#  > > >  >  > Форум >  > > >  >  > Информация >  > > >  >  > Фильмы с буддийской тематикой >  > > >  >  >  Песни скитальцев / Songs of the Wanderers

## Евгений Шпагин

От себя: Данную постановку смотрел лет 7 или 8 назад и она меня очень сильно зацепила... Целый час я не мог оторваться от увиденного и услышанного, еле дышал и практически не моргал боясь спугнуть пойманное ощущение однонаправленного созерцания... Одним словом происходящее на сцене чистейшая медитация, хоть и не является учением в традиционном виде... А кто сказал что учение может быть только в виде текстов, а не образов или звуков?
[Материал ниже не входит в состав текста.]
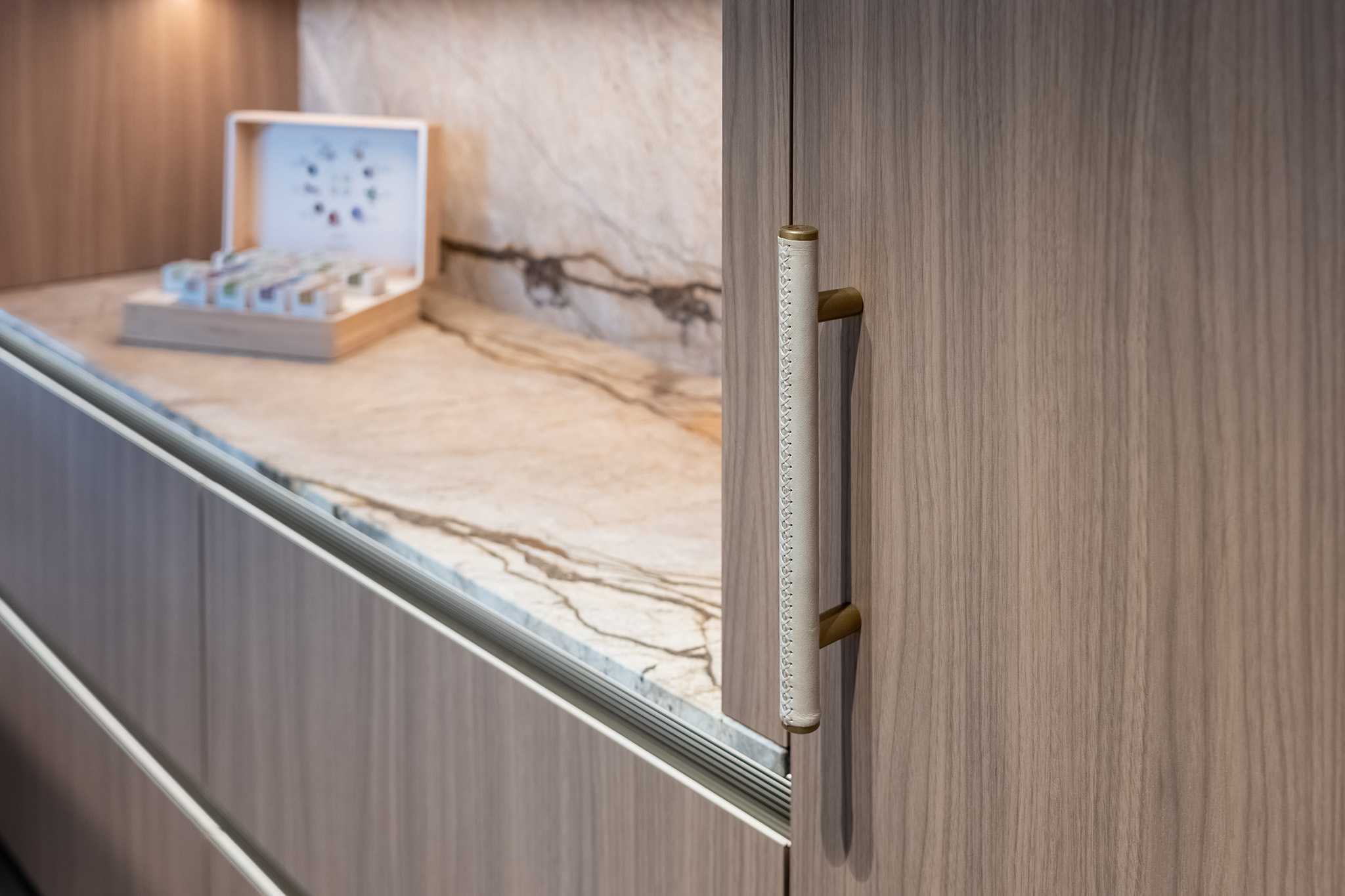 Foto: Studio 102 Tieleman Keukens Showroomkeukens Nostalgische showroom Studio 102 Tieleman Keukens beurskeuken met kookeiland en koffienis 4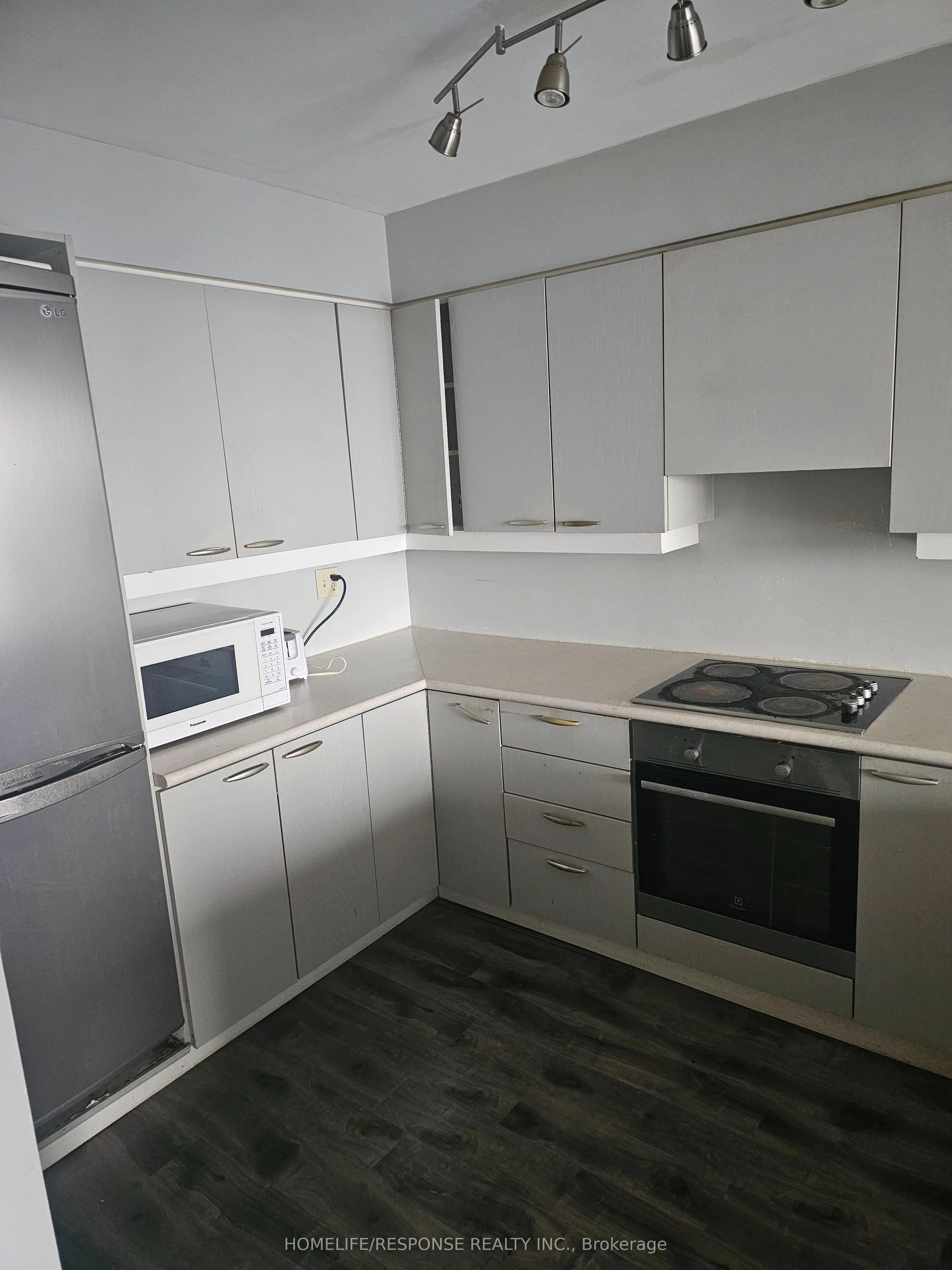 50 EGLINTON Avenue W #2010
Описание: «Первый звук, который вы слышите, это звук воды, льющейся в глубине сцены, но как только ваши глаза привыкают к тусклому свету софитов, вы понимаете, что этот звук, на самом деле создает поток сыплющегося риса, падающего на голову буддийского монаха. Его глаза закрыты, его руки сжаты. Он стоит неподвижно у края сцены, а рис у его ног образует постоянно растущий холмик. Зернышки риса отскакивают от его головы и плеч, как брызги фонтана. Он, - утверждает Лин Хвай-мин,- человеческие песочные часы. А вокруг него странники – люди, ищущие духовного просветления, - исполняют ритуальный танец, который отражает последовательный, мучительный путь духовного развития».

Желаю всем наслаждения, ярких образов и постижения...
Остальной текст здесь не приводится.